## What you are asked to do
For the data that follows, print the line with "Room 4 of 56", the line with "Vestido de fiesta", and all lines between them, exactly as they stand. Omit pictures and add nothing.

## Given data
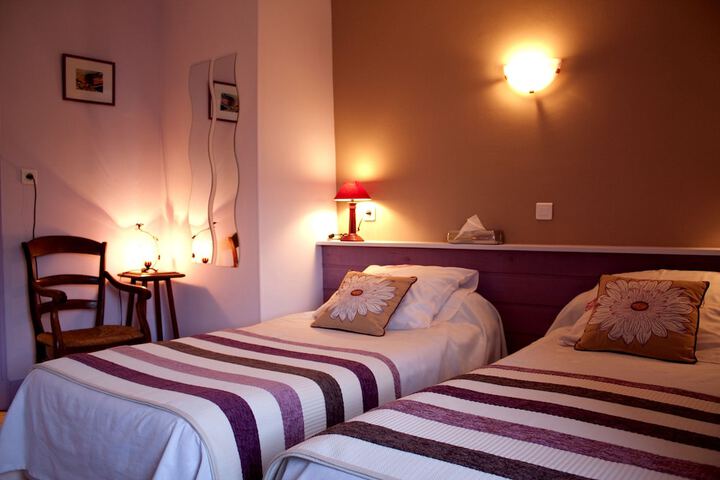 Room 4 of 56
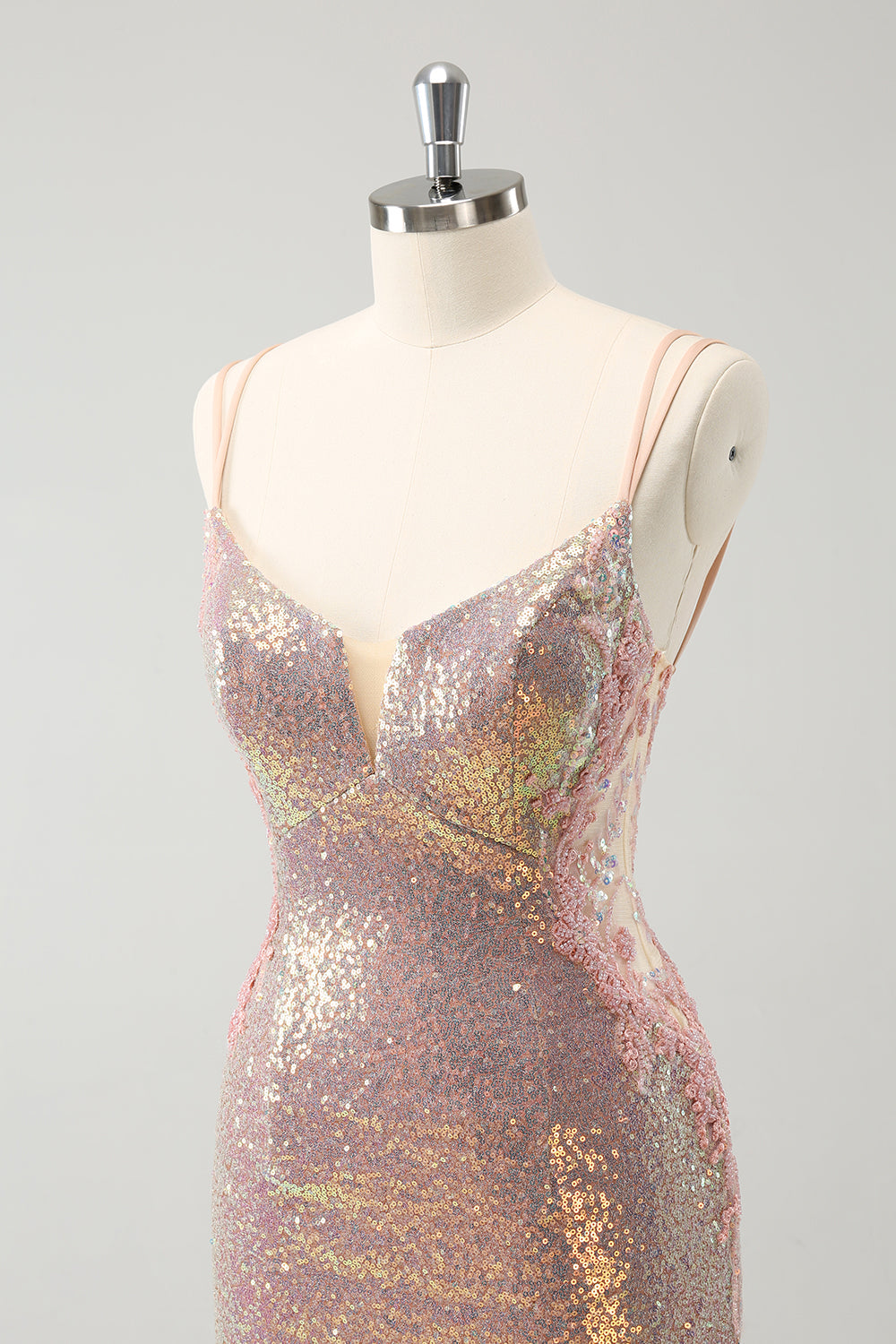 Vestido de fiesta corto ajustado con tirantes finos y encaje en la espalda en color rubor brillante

---

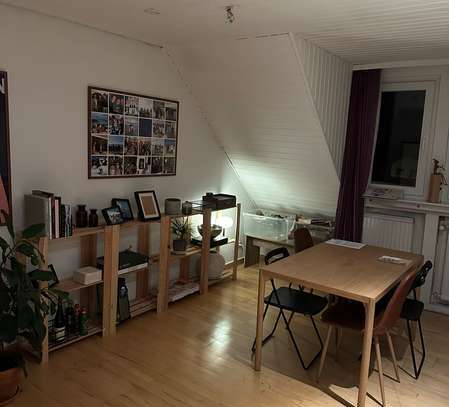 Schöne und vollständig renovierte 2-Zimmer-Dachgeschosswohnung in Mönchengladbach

## Answer
 Room 4 of 56
 Vestido de fiesta corto ajustado con tirantes finos y encaje en la espalda en color rubor brillante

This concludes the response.